Semoga ke depan, Kerinci bisa menjadi lebih baik daripada yang lalu.
— In Kerinci-net@yahoogroups.com, “Edward, Syafron” <edward.syafron@…> wrote:
>
> Rekan-rekan,
>
> Berdasarkan pengamatan saya waktu pulang ke Kerinci lewat darat Awal
> Januari lalu
> sebenarnya yang keadaannya Parah di Jalan Provinsi Bangko-kerinci itu
> ada di daerah Kabupaten Merangin, yaitu antara Perentak dan Sungai
> Manau, kondisi jalannya berlubang sampai diameter lebih dari 10 meter,
> sehingga mobil Kijang saja susah untuk melewatinya.
>
> sementara di ruas Muara Imat sampai Sanggaran Agung, sebenarnya kondisi
> jalannya cukup lumayan, malah bisa digolongkan bagus cuma memang
> jalannya sangat sempit ditambah lagi dengan rumput ilalang yang menutupi
> setengah dari badan jalan sehingga jalan hanya muat untuk satu mobil,
> kalau ketemu dengan mobil lain, salah satu harus mengalah dengan cara
> menerobos ilalang.
>
> Jadi kalau menurut saya, isyunya adalah:
> 1. Jalan yang jelek berada dalam Kabupaten merangin tapi merupakan akses
> utama menuju Kerinci sementara tidak terlalu penting bagi Merangin. jadi
> mungkin memang sudah tepat sasaran kalau ususlannya harus ke tingkat
> provinsi dan tentunya dengan pushing yang kuat dari Pemda Kabupaten.
>
> 2. Untuk Ruas yang berada dikabupaten Kerinci, isyu utamanya adalah
> terlalu sempit, dengan keadaan alam yang mengerikan karena jurang yang
> dalam dan belokan yang tajam, jalan tersebut sangat tidak pantas dan
> mengerikan jadi harus diperlebar kemudian pemeliharaan terutama
> pemotongan rumput dikiri kanan jalan juga harus rutin supaya badan jalan
> yang ada bisa dioptimalkan dan yang jelas mobil wisatawan yang masuk ke
> Kerinci tidak baret catnya…pengalaman kemarin kita harus extra
> hati-hati karena kalau tidak bisa baret-baret tuh mobil….
>
> Justru yang hancur lebur itu adalah ruas jalan antara kampung saya
> dengan kampung Bung Akmal….dan ini juga penting tentunya…hehehehee
> Egois dikit boleh dong…!!
>
> salam
> edo
>
> ________________________________
>
> From: Kerinci-net@yahoogroups.com [mailto:Kerinci-net@yahoogroups.com]
> On Behalf Of hafiz SDeq
> Sent: Wednesday, February 27, 2008 12:30 PM
> To: Kerinci-net@yahoogroups.com
> Subject: Re: Balasan: Re: [Kerinci-net] Kerinci dalam berita (Jalan)

>
> SEPATU (Sepakat dan setuju) dengan bang akmal…

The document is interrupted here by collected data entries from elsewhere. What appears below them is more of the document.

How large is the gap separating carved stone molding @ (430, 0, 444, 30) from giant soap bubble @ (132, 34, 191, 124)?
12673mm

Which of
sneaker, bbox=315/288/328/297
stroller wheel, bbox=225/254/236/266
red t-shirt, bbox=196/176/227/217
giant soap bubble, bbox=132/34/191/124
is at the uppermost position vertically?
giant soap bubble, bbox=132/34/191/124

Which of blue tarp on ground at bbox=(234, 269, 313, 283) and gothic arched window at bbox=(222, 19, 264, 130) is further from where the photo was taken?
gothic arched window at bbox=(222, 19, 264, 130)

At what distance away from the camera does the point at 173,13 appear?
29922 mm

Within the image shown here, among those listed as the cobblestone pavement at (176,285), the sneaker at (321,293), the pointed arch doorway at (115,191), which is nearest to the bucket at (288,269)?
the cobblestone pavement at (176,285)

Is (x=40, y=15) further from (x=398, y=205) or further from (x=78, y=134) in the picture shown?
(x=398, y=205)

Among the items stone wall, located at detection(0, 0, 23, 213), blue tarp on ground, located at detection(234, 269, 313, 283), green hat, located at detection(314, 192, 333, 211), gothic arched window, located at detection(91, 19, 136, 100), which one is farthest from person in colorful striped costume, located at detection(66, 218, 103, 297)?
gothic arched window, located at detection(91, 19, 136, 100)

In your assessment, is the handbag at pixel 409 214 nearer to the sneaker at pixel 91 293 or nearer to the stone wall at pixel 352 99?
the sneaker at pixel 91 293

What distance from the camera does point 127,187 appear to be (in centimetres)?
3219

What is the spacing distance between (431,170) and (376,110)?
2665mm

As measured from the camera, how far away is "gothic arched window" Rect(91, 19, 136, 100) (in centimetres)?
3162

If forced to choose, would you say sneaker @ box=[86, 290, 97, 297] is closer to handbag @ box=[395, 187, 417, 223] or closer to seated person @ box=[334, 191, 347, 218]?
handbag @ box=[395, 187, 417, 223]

> coba aja kita pulang kerinci dari Jawa lewat jalan
> darat, dari Jawa sampai Bangko aman-aman aja (perut
> masih nyaman)..dari Bangko ke Kerinci????

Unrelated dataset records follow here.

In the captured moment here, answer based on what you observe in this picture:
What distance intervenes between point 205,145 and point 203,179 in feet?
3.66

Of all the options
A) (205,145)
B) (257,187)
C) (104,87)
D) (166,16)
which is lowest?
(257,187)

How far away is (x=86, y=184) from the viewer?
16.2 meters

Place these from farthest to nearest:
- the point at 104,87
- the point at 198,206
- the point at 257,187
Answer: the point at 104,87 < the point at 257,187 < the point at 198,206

> wahhh…semuanya bisa berubah.
> Mamak2, Abang2 galo…., ada apa dengan pemerintahan
> kincai? mungkin bisa dikatakan dalam 10 tahun terakhir
> ini gak banyak yang berubah, kondisi jalan terutama.
> atau memang PAD kita terlalu kecil untuk membangun?
> atau Eksekutif dan Legistalif kita gak terlalu peduli
> dengan pembangunan????

— In Kerinci-net@yahoogroups.com, Akmal <akmaluddin@…> wrote:
>
> Saya mohon maaf jika gaya bahasa dan tutur saya mungkin kurang “ILOK” bagi
> sebagian anggota milis ini terutama kayo-kayo yang sopan dalam bertutur kata
> di milis, walo kurang sopan tapi saya ramah lho…. tapi bukan ramah dalam
> arti *ra*jin menja*mah* lho🙂 hehee (maaf bercanda lagi…. serius amat!!)
> ………………………………….

> Kembali ke Jalan yg Lurus… eh maksudnya Jalan Kerinci
> Ketika saya melewati sebuah daerah di Jogja yang cukup terkenal dengan
> NDESOnya dan sangat tandus serta terkenal dengan Kekeringan abadinya yaitu
> Gunung Kidul, sebuah kabupetan “terbelakang” dengan kondisi Jalan “terbaik”
> sak Indonesia saya kira. Jalan-jalan di kab ini sangat bagus dengan kualitas
> aspal kayak jalan tol, bahkan jalan-jalan penghubung antar desa juga sudah
> diaspal polmik. Jika kita dari Pacitan atau Klaten menuju Jogja via
> Gunungkidul (Wonosari) maka akan terlihat sekali perbedaan suatu kabupaten
> yaitu jalan, dimana kondisi jalan sebelum kab tersebut sangat berbeda sekali
> (persis kayak perbedaan jalan perbatasan Solok-Kerinci).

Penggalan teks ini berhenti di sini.